КОРОЛЕВА. Сын, твой отец тобой обижен тяжко.
ГАМЛЕТ. Мать, мой отец обижен вами тяжко.
КОРОЛЕВА. Не отвечайте праздным языком.
ГАМЛЕТ. Не вопрошайте грешным языком.
Гамлет вторит матери ритмом ответов с противоположным смыслом – прием спорщика-ироника, играющего словами, не стесняющегося говорить ей правду в лицо. Не будем забывать, что в этой сцене он уже полностью готов к отмщению Клавдию. Его шпага, предназначенная крысе-Королю, дрожит в нетерпе- нии: "…тогда его сшиби так, чтобы пятками брыкнул он в небо".
Однако первая попытка убийства негодяя мстителю Гамлету не удалась. Убит пронзенный через ковер не Король, а его под- ручный – Полоний, отец Офелии.
Что должен испытать при таком стечении обстоятельств наш главный герой? Слабый признает свою ошибку. Слабый будет сетовать и горевать: ах, не получилось!.. Ошибочка вышла… И ругать себя за неумелость или даже за неспособность к кровавому действию.
Не таков наш "Гамлет без гамлетизма".
ГАМЛЕТ. Теперь свершить бы все, – он на молитве.
Казалось бы, принц должен отказаться. Кощунственно и жестоко убивать врага, каким бы подонком он ни был, когда он молится.
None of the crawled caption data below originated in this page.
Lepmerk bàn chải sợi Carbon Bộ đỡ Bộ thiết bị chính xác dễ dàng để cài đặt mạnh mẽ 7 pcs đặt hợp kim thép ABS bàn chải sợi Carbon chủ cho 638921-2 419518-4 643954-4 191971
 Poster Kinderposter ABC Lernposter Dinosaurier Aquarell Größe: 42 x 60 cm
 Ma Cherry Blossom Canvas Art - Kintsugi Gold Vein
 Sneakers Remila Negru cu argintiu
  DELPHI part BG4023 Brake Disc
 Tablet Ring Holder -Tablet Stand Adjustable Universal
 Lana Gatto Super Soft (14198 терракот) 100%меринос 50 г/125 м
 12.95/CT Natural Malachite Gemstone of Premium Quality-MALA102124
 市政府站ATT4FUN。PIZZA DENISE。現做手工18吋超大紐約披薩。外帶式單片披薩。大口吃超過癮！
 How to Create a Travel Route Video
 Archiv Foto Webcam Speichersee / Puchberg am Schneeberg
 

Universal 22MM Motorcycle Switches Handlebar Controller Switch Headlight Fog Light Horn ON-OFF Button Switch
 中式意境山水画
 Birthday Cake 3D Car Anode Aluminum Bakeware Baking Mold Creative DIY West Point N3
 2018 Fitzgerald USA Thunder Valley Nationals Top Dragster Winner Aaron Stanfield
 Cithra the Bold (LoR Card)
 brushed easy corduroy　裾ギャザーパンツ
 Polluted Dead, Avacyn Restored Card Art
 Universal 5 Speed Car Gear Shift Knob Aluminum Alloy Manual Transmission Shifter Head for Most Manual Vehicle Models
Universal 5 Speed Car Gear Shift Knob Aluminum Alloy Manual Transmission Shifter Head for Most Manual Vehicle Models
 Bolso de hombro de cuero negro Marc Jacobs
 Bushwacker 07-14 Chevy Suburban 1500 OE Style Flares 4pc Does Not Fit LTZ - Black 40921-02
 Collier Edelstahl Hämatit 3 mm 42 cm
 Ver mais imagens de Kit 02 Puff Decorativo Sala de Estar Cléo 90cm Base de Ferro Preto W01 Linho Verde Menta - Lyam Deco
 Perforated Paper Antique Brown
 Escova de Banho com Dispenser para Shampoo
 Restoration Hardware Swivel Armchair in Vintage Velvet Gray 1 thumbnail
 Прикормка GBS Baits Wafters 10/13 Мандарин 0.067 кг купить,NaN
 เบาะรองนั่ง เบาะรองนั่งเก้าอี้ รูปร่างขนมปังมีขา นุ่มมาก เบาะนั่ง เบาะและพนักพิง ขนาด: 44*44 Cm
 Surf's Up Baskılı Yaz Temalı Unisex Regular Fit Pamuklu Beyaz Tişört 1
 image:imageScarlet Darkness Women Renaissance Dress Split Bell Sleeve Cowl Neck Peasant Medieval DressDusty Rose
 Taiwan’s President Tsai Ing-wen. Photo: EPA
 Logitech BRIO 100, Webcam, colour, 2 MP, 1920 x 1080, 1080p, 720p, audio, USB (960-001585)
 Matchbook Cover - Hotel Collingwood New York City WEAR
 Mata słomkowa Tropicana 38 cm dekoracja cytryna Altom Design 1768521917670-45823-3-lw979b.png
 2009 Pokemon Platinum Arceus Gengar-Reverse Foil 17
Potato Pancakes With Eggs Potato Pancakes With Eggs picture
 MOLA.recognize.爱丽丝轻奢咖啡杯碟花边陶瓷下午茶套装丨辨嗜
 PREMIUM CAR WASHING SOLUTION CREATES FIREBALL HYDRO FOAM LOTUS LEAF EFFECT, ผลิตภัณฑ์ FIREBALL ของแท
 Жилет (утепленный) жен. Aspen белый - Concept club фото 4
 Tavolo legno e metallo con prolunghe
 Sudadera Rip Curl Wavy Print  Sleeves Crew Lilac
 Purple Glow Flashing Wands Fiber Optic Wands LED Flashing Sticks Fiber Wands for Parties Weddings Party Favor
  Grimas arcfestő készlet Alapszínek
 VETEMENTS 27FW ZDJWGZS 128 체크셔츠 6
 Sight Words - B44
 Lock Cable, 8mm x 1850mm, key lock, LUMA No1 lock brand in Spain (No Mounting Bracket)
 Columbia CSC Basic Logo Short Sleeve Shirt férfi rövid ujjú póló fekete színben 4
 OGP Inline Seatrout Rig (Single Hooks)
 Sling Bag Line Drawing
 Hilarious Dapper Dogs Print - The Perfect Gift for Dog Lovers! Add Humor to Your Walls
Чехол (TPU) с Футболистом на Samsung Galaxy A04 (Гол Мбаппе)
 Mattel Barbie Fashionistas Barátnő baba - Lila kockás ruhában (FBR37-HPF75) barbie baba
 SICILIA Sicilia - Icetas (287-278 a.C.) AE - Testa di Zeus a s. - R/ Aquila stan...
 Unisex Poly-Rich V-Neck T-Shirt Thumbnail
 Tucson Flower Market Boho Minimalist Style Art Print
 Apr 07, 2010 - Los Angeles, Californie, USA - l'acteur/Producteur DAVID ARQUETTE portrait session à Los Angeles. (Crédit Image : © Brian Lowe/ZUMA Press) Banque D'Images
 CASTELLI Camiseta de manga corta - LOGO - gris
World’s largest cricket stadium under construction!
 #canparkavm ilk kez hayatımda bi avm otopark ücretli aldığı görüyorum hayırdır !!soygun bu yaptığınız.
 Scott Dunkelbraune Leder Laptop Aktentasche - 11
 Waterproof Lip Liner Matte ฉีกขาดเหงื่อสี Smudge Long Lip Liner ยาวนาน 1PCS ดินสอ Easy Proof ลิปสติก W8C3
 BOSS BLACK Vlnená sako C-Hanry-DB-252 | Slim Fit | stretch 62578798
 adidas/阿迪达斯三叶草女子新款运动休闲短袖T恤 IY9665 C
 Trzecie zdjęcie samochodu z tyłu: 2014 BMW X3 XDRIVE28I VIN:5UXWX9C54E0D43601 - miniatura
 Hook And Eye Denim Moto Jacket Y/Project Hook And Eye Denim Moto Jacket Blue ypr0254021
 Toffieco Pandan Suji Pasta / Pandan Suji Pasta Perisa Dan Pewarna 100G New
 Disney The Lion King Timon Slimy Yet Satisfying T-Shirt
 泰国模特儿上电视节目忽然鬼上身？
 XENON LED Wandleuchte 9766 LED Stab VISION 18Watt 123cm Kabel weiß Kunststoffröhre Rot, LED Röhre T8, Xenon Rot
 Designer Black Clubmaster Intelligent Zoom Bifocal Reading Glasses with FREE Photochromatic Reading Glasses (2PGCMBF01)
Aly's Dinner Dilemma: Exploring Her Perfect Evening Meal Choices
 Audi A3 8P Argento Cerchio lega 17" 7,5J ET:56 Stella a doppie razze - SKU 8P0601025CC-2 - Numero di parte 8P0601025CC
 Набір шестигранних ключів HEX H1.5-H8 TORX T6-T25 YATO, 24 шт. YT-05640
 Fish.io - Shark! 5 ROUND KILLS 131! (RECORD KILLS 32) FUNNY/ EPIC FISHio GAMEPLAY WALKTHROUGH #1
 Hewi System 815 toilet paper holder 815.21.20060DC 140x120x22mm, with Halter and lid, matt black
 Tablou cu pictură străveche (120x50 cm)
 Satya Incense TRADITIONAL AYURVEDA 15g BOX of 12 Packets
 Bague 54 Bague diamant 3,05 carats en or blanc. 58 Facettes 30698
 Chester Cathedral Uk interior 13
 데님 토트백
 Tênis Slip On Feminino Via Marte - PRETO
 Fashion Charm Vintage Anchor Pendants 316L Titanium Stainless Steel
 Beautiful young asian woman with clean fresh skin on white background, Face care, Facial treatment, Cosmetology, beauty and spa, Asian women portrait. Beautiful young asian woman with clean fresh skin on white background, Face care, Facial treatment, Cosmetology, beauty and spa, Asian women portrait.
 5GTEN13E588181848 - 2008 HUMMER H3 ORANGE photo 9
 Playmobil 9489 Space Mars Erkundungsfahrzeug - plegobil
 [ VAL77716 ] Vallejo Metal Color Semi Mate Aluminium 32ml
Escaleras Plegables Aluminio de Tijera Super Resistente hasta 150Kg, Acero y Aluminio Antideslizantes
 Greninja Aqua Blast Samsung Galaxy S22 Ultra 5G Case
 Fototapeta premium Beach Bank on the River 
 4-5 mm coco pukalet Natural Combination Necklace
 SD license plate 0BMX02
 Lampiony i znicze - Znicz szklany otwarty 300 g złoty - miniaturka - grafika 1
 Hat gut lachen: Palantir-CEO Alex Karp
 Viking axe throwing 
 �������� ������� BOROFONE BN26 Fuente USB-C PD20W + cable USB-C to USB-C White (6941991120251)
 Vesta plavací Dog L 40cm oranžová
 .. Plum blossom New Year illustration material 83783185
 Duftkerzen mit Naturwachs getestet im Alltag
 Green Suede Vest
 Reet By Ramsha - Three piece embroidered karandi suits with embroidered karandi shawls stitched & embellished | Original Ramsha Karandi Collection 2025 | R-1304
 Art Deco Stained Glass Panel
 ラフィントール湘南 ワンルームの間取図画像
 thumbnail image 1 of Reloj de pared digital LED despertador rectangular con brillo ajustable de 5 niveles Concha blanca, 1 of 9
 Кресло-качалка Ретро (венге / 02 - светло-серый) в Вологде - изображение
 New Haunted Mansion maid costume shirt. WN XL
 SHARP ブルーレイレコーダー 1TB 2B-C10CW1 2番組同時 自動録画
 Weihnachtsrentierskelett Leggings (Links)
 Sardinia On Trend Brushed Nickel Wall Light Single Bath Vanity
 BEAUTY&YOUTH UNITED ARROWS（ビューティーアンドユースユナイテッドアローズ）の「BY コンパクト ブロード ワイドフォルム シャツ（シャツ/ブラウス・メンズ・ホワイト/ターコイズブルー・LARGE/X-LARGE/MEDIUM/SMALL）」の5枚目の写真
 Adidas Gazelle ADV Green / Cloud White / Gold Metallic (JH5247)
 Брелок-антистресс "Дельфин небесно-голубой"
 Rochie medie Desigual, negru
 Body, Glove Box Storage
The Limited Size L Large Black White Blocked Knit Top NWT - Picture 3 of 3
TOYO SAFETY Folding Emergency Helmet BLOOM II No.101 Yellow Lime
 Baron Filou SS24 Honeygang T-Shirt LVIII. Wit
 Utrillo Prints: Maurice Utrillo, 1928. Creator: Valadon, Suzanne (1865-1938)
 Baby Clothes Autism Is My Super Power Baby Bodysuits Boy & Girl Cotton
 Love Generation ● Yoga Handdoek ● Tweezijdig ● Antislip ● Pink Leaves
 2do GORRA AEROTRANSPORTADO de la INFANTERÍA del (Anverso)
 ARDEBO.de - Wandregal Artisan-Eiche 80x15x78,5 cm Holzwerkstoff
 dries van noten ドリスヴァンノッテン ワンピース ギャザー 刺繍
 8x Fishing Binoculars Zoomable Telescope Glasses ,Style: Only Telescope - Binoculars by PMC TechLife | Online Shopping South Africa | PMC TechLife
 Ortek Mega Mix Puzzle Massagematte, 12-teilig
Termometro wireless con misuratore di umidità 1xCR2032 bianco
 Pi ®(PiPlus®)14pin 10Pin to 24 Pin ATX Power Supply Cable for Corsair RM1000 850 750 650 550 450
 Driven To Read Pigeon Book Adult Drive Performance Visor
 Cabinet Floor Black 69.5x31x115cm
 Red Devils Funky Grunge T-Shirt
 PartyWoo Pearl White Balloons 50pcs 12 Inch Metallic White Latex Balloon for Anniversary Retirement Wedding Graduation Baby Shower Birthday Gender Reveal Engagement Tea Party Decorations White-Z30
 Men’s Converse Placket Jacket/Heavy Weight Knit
Все же неподходящий момент, согласитесь. И кем надо быть, чтобы пренебречь этим?!
И я свершу: и он взойдет на небо; И я отмщен.
А кто-то опять толкует: Гамлет – хлюпик. Это – хлюпик? Хлюпик, я спрашиваю, если ТАК рассуждает:
Здесь требуется взвесить:
Отец мой гибнет от руки злодея,
И этого злодея сам я шлю на небо.
Ведь это же награда, а не месть.
Слова не мальчика, но мужа, осознающего всю моральную цену своего поступка.
… И буду ль я отмщен,
Сразив убийцу в чистый миг молитвы,
Когда он в путь снаряжен и готов?
Нет.
Этот поворот в размышлениях Гамлета, может быть, самый "дорогостоящий" – мораль побеждает эмоцию. Путь от "да" до "нет" дается нелегко. Нельзя быть Гамлету ТАКИМ ЖЕ убийцей, как убийца-негодяй. Цена крови – разная. И потому:
Назад, мой меч, узнай страшней обхват;
Когда он будет пьян, или во гневе,
Иль в кровосмесных наслажденьях лежа,
В кощунстве, за игрой, за чем-нибудь,
В чем нет добра.

Нельзя в молитве

Так. А в молитве – добро. Нельзя – в молитве. Циник- Шекспир, циник-Гамлет – нонсенс. Безбожием не оправдаемся. "Каков расчет с ним, знает только небо" – это "Гамлет без гамлетизма" понимает, воодушевленный чувством Справедливости как высшей меры жизни. Бог не может осудить праведный гнев, праведное деяние, как бы тяжелы они ни были. Наказательный характер отмщения и неминуемо пролитая при этом кровь превращают драму в трагедию, где человеческие и юридические смыслы пересекаются и не бывают параллельными или тавтологическими. Одновременно эти противоречия укрепляют психологизм и художественность литературы и театра, утверждают гений Шекспира – мастера человековедения.
Выразительным примером тому является предшествующий сцене неслучившегося убийства Короля его монолог на коленях перед молитвой. Признание без покаяния – так я бы сказал об этом эпизоде.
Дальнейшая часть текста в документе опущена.